Williams and others had been hired for a massive document-coding project. They were assigned to B&W;’s research center, a few miles from the firm’s downtown headquarters, to review a vast collection of letters, memos and research studies. It was damage control, as the papers were being sought by plaintiffs in smoking and health lawsuits. The documents were to be coded by subject matter and sensitivity, with the “hot” ones to be scrutinized by lawyers up the line.

Getting the Documents

At the time, tobacco’s legal battles had entered a crucial stage. Smoking and health litigation--which first flared in the 1950s, then all but vanished in the 1960s and ‘70s--had again roared to life.
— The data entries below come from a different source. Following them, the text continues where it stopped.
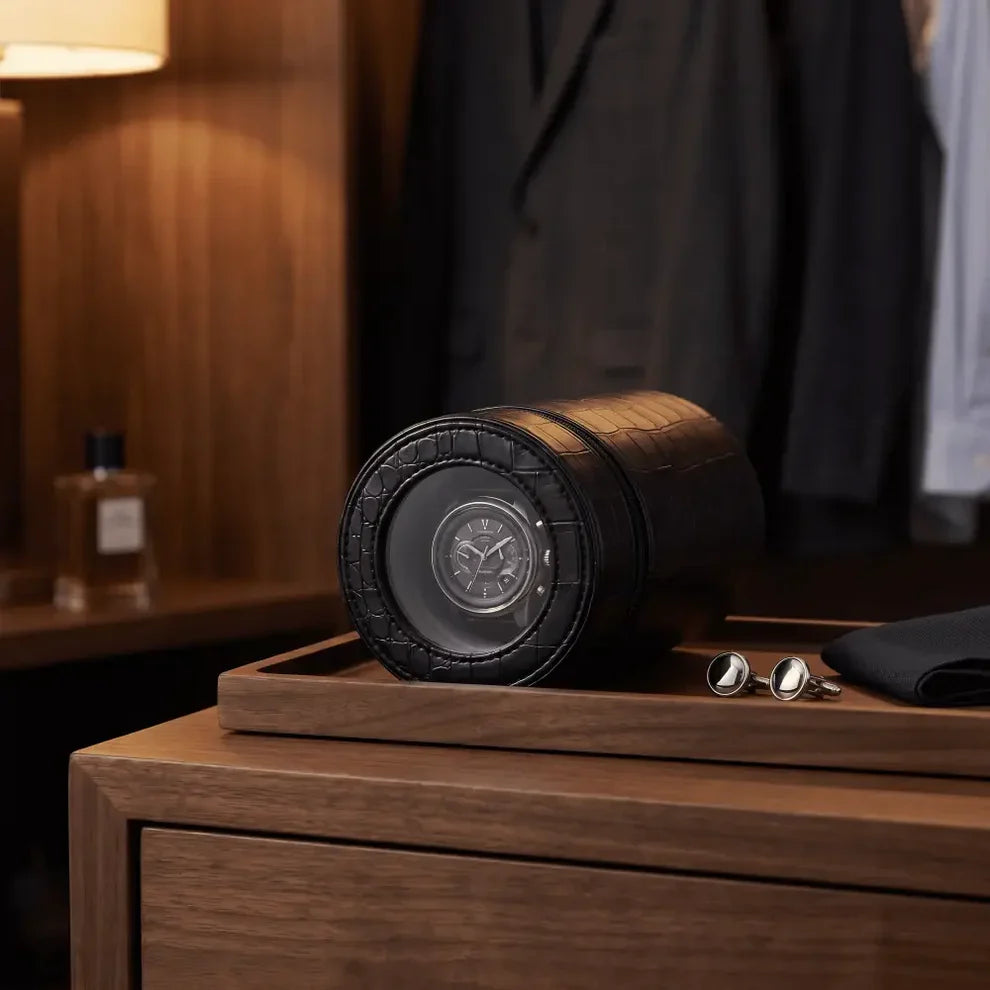 Black Rocket travel winder in crocodile-effect faux leather with automatic watch, set on a wooden tray.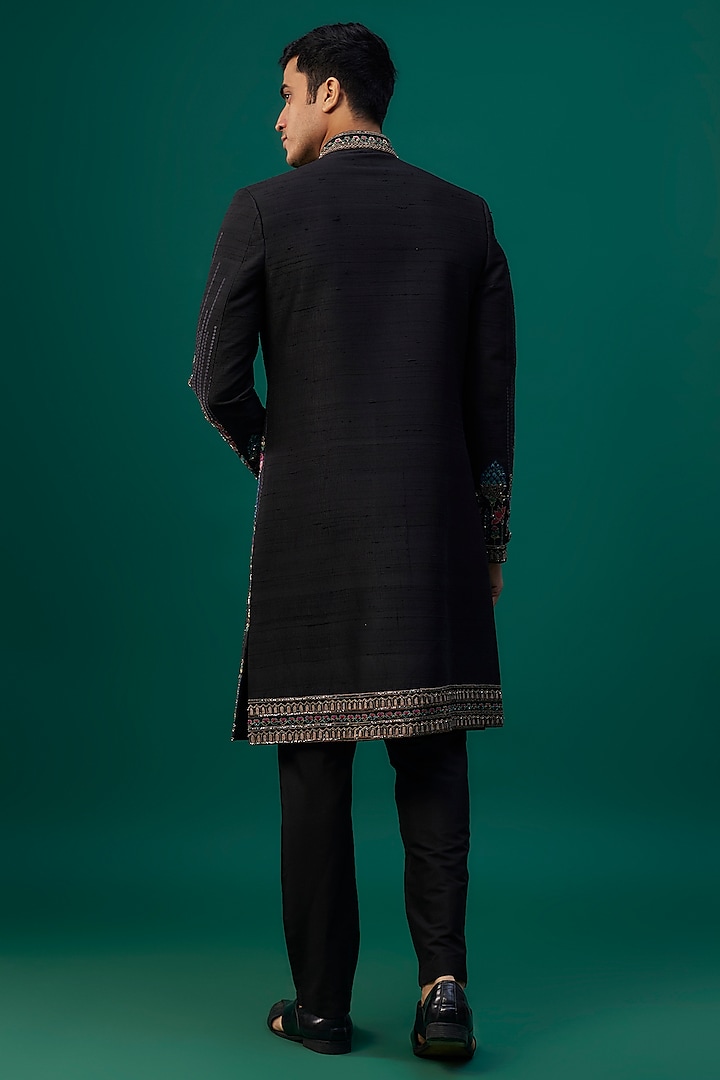 Black Raw Silk Resham Hand & Machine Embroidered Groom Indowestern Set by SAMMOHAN at Pernia's Pop Up Shop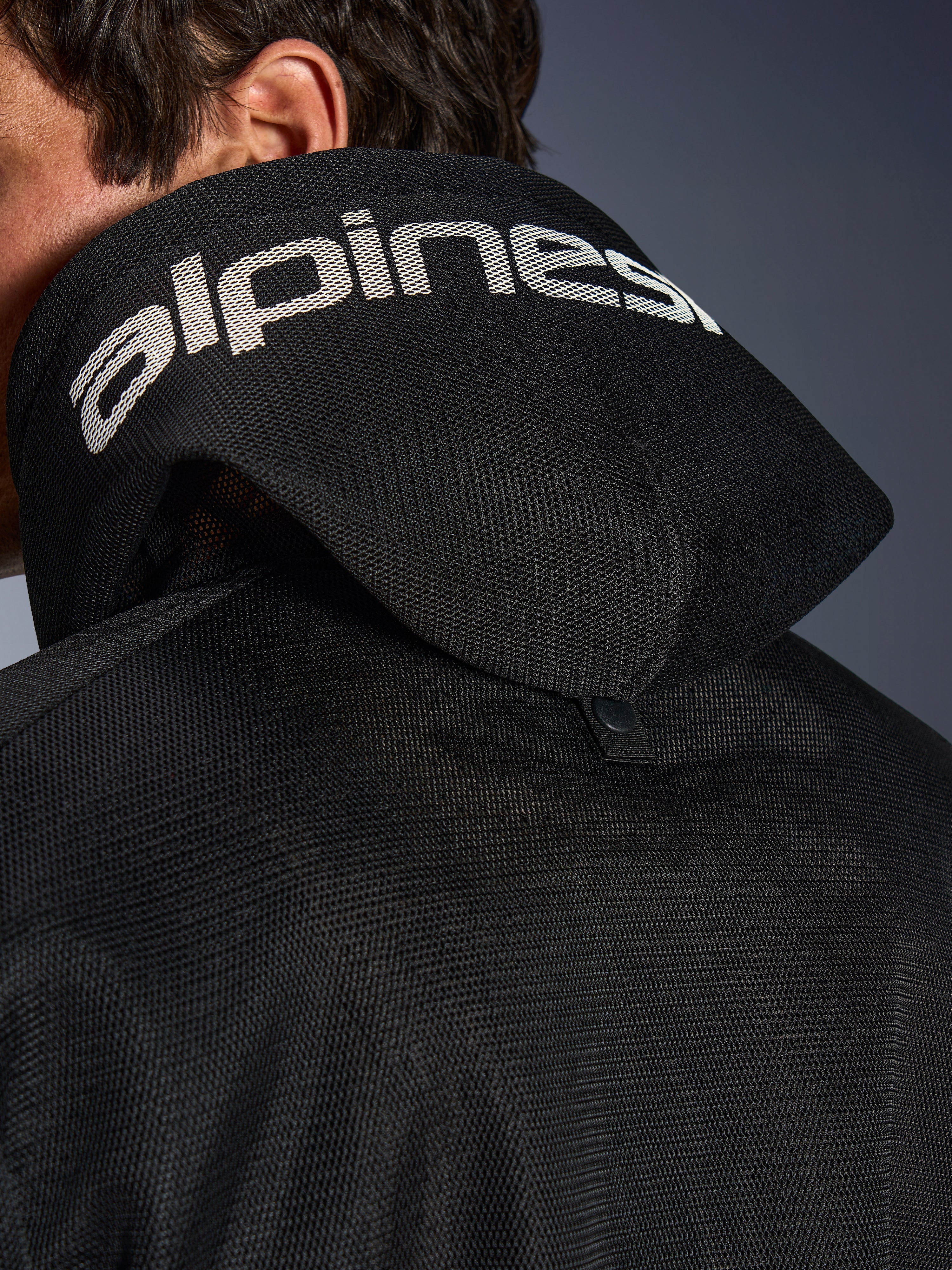 Alpinestars Chrome Superairflow Hoodie, negra, vista de detalle de la capucha de malla 3D con logotipo de Alpinestars en blanco, botón de presión de estabilización trasero, equipamiento textil ventilado para moto en condiciones de calor extremo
The very week Williams reported for work in January 1988, a historic cigarette trial was beginning in Lexington, Miss.

Nathan H. Horton was a black contractor and Pall Mall smoker who died of lung cancer at age 50. His family’s wrongful-death claim against American Tobacco Co. would end in a hung jury--up to then, the closest shave for an industry that had flicked away every damage claim.

Williams knew nothing about tobacco litigation. Although a smoker most of his adult life, he says he was so ignorant about tobacco generally that he was 40 before he even knew it was a plant.

Still, he concluded early on that he had joined the wrong team. For one thing, it bothered him the way the young Wyatt Tarrant lawyers would belittle the Horton case. They joked about “this black man who had cancer,” Williams said. “I got really sympathetic.”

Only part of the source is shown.